Check the Porcelain Format Version 2

Upvotes: 1

jthill
jthill

Reputation: 60393

Don't have git status calculate the status and then scrape the status off its output, instead use git ls-files -o or git ls-files -o --exclude-standard to simply list the files you want directly.

Upvotes: 1

Ed Morton
Ed Morton

Reputation: 203985

Depending on if you want to retain the quotes or not:

$ sed -E 's/^ *[^ ]+ +//' file
README.md
mail/falover.sh
"ahh/Nov nnsdfd file.txt"
fremover.sh
mail/ahooooj
mail/awww
mail/file_test
mail/git.sh
mail/test

$ sed -E 's/^ *[^ ]+ +//; s/^"|"$//g' file
README.md
mail/falover.sh
ahh/Nov nnsdfd file.txt
fremover.sh
mail/ahooooj
mail/awww
mail/file_test
mail/git.sh
mail/test

If your sed doesn't support EREs by means of -E then:

$ sed 's/^ *[^ ]* *//; s/^"|"$//g' file
$ sed 's/^ *[^ ]* *//; s/^"//; s/"$//' file

Note that there is an edge case where this will fail and that is when your file name starts and ends with quotes (which is allowed for a UNIX file name).

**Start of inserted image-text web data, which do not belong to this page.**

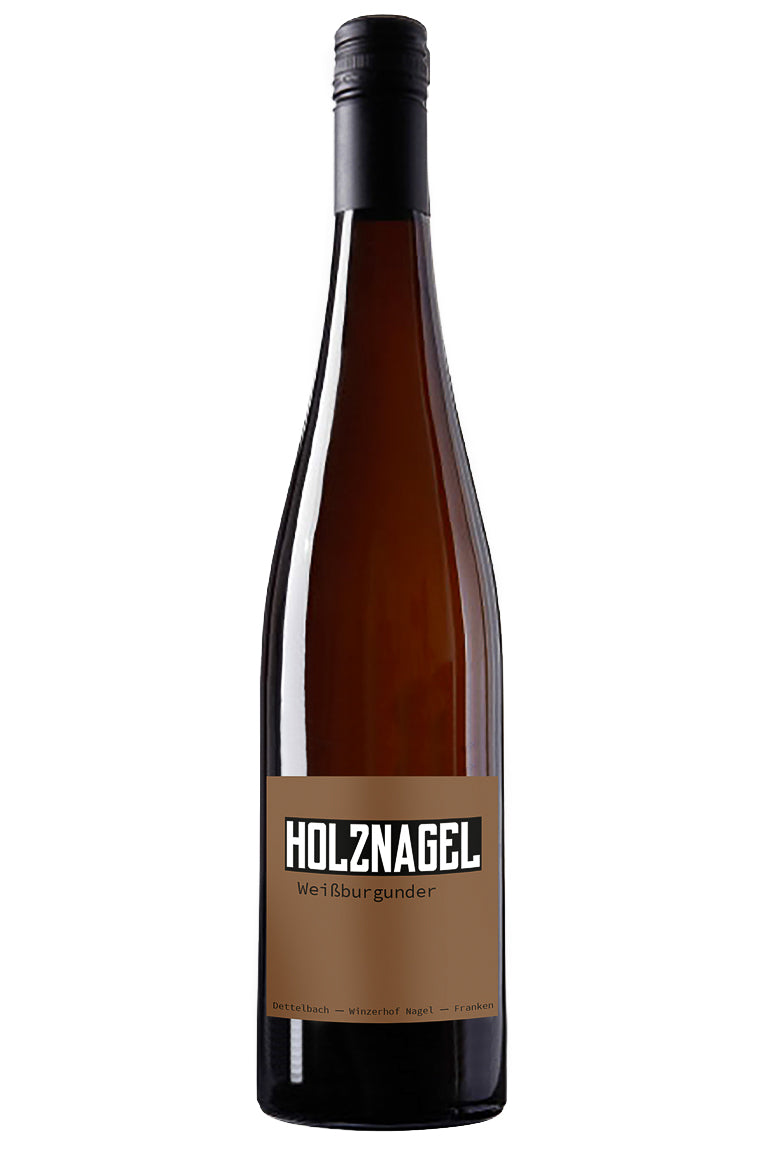 Winzerhof Nagel Holznagel Weissburgunder 2019 • Weisswein • Deutschland • Franken • 0.75 l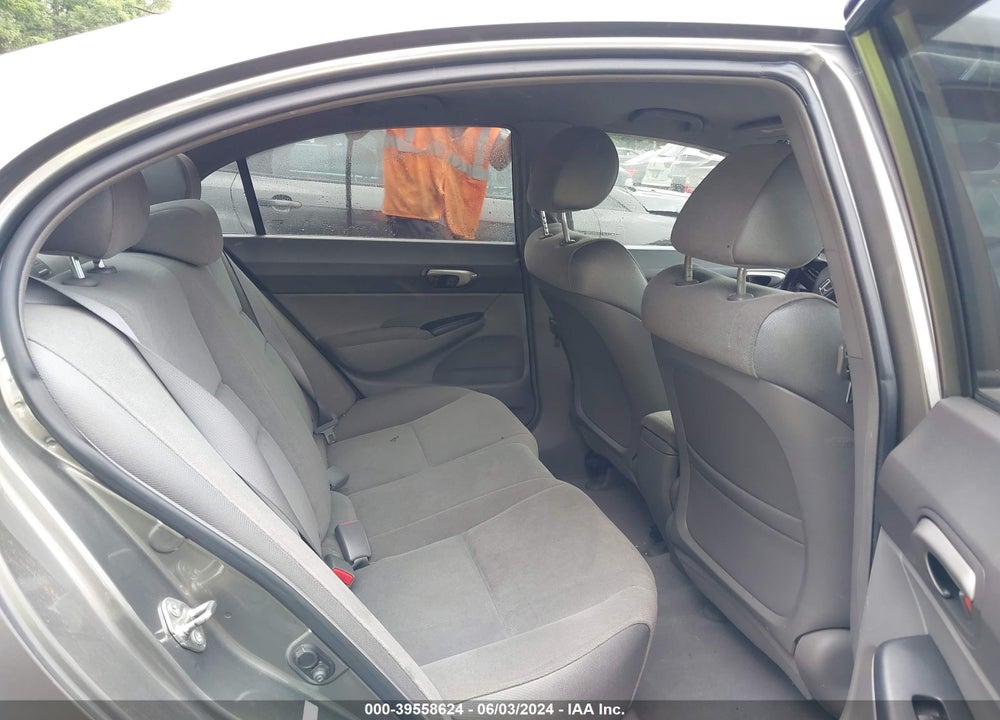 2007 HONDA CIVIC LX VIN: 1HGFA16567L046720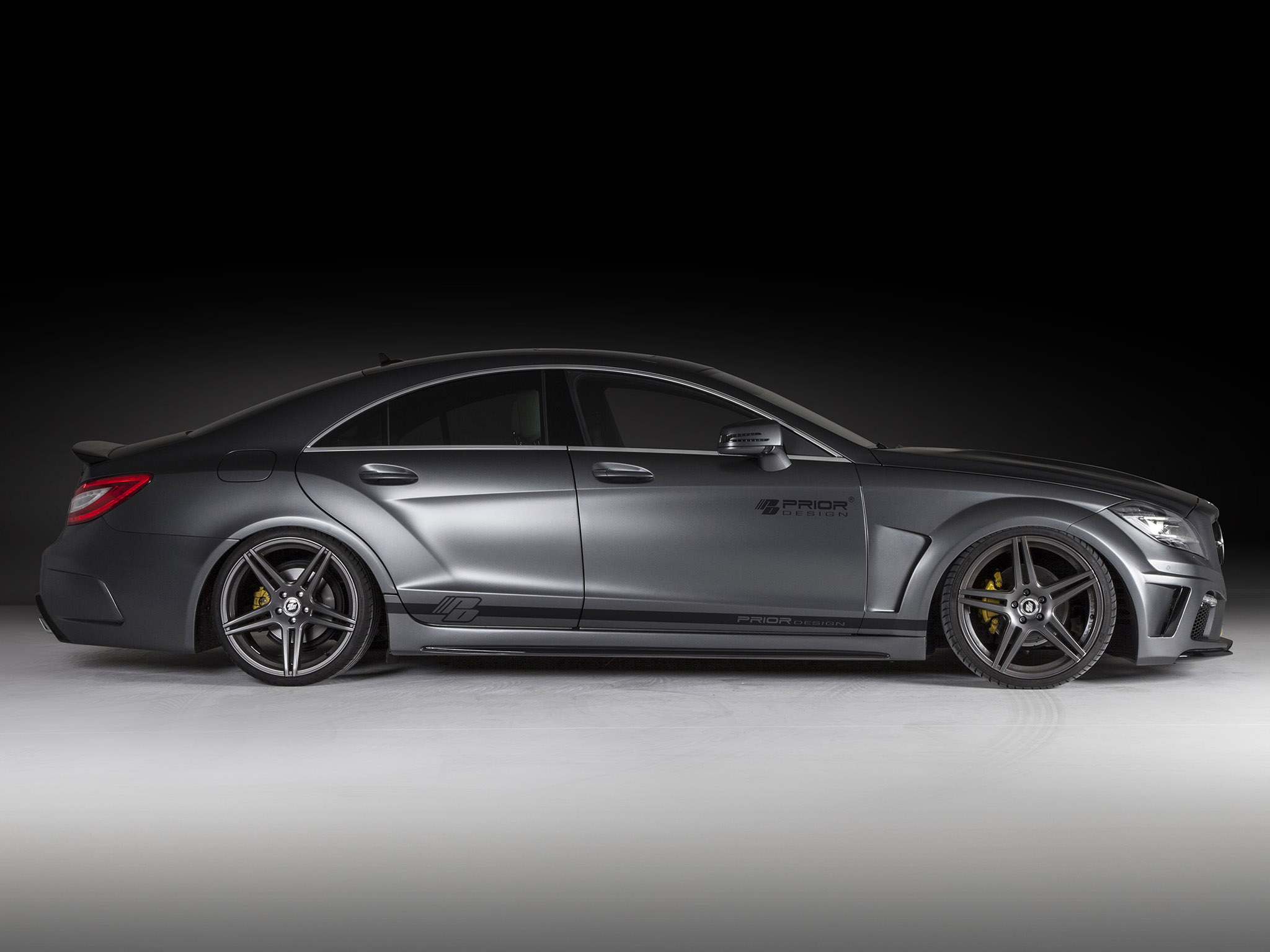 2013, Prior design, Mercedes, Benz, Cls, Pd550, Black, Edition, Tuning Wallpaper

If that can happen then tell us about it in your question and include it in your sample input/output.

Upvotes: 1

Fabian N.
Fabian N.

Reputation: 3856

In case you don't actually need to use awk a simple cut would be enough:

git status -u -s | cut -d" " -f2-

-d" " sets space as the delimiter and -f2- selects every field except the first

Upvotes: 0

RavinderSingh13
RavinderSingh13

Reputation: 133610

In case you only need those lines which have " and you need 2nd field means values from " to " then following may help you.

your_command | awk 'match($0,/".*"/){print substr($0,RSTART+1,RLENGTH-2)}'

In case you want to print file names when " is present in output with all other line(which don't have " in them) then following may help you.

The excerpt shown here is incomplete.